By Corbin McGuire
In some ways, Peyton Williams’ time on the 2019 U.S. Pan American Games Women’s Team reflected her first season at K-State.
There was more than a week of two-a-day practices. Because of her volleyball schedule, she had last experienced that as a true freshman in basketball. She also lived in a dorm with a roommate while in Lima, Peru, where she ate at a dining hall. Her minutes on the silver-medal squad were limited as well.
Like her freshman year as a Wildcat, it was a lot of learning. Only this time, she was with some of the best players in the United States and playing against professionals from all over the Western Hemisphere.
“It was, looking back, interesting to see myself having to deal with that all over again and comparing it to my freshman year, seeing if I could push through in that way,” Williams said. “It was more of trying to be a good teammate where I could and, obviously, a different perspective. I was sitting the bench a lot of the time and encouraging and, when I did get put in, doing my job the best that I could.”
The entire experience, from training camp in Colorado Springs, Colorado to competing in the Pan America Games in a Team USA jersey, reinforced some values Williams already held.

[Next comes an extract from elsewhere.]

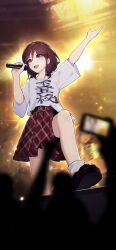Rule 34 | 1girl, absurdres, ayatsuki nina, black footwear, blue eyes, commentary request, crowd, girls band cry, highres, holding, holding microphone, microphone, music, open mouth, plaid, plaid skirt, pleated skirt, red hair, red skirt, shirt, short sleeves, short twintails, singing, skirt, socks, solo focus, stage, sweat, taking picture, twintails, white shirt, white socks, yun cao bing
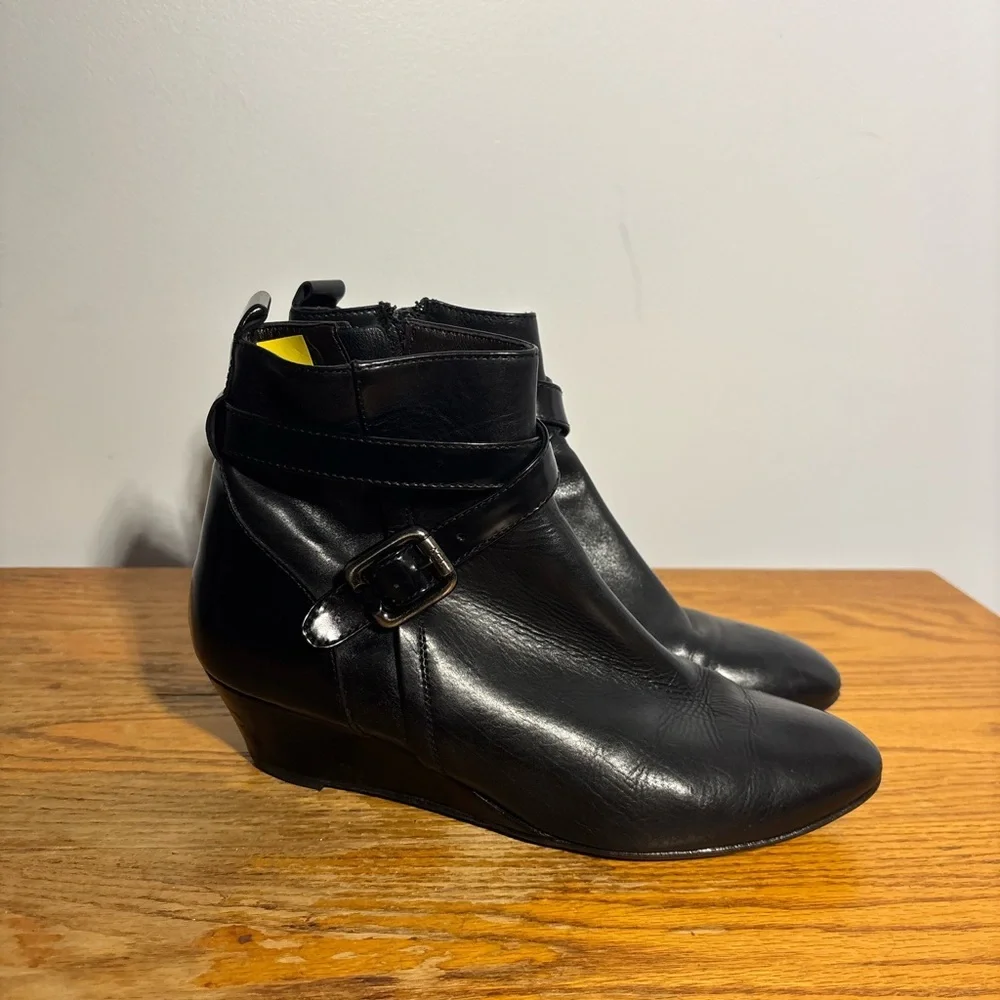 AGL Black Leather Wedge Ankle Boots Size EU 38.5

“It helps you not take anything for granted, absolutely, and making sure you convey how valued every person on the team is because every person is putting in all the effort. Two-a-days for 10 days is no joke with some of the best. I think that carries over here as well,” the senior said. “Also, when you’re on the court, making sure you give 100 percent because we were representing the USA. Obviously, we wanted to do our very best, and that’s the same here. We don’t want to take any moment for granted when we’re on the court.”
Williams did her best to exhibit this mindset when she got on the floor.
The First Team All-Big 12 forward averaged only nine minutes a game in Peru but went 5-of-8 from the field, grabbed 2.8 rebounds and scored 3.0 points a game. Her rebounds-per-minute average (0.31) exceeded that of her junior season (0.27) at K-State, while her points-per-minute average (0.33) was only a tenth lower.
K-State women’s basketball head coach Jeff Mittie, who traveled to Peru for the Pan American Games, said he was impressed by Williams’ improvement in handling the international game’s quicker pace and how she handled the physicality of playing against many current professionals, some more than a decade older than her.
Williams’ top statistical outing came against the U.S. Virgin Islands, which she recorded 10 points, six rebounds, three steals and two assists in a blowout win. Arguably more impressive and important in Team USA’s run to the gold-medal game, Mittie said, was Williams’ 3:46 of action in a semifinal win against Puerto Rico.
“We were down in that game and she was a plus-five in only four minutes of playing time,” he said. “So, her minutes were significant in a game to get to the gold medal game.”
After this game, Mittie said his favorite moment from the tournament occurred via a text conversation with Williams.
“She had played the four really significant minutes, and I said, ‘Your minutes were good tonight,’ and her comment to me, basically, was, ‘I will do whatever it takes to win the gold medal tomorrow, whether that’s on the bench screaming until I lose my voice or if that’s 20 minutes,'” he said. “From my coaching standpoint, I was proud to get that text from her, knowing that if I get 40 minutes, I’m going to be ready. If I get zero minutes, I’m going to do whatever it takes to help my team win gold. Now, they came up short, but it certainly wasn’t because of her attitude. She had a very selfless attitude.”
Williams said the experience was more than she ever imagined coming out of Cair Paravel Latin School in Topeka. Ever since her freshman year at K-State, she said she’s needed others to help boost her confidence. This trip, playing alongside All-Americans and future WNBA Draft picks, helped her stimulate that internally.
“There were times on this trip where I thought, ‘This is crazy.’ That was part of my journey through all of this was reassuring myself that I’m good enough to be here over and over again. When you’re with the best, it’s hard,” she said. “I think it was good to experience that because I kind of had to be my own hype man, in some ways. It was nice because the coaches here reassure me, ‘You can do this. You can shoot the ball. Your percentages are there. Even if you don’t feel it, you’re there.’
“That wasn’t the case at camp because everyone’s trying do their own thing as much as they can in 10 days. So, it was helpful just to build my own confidence and be my own source of confidence.”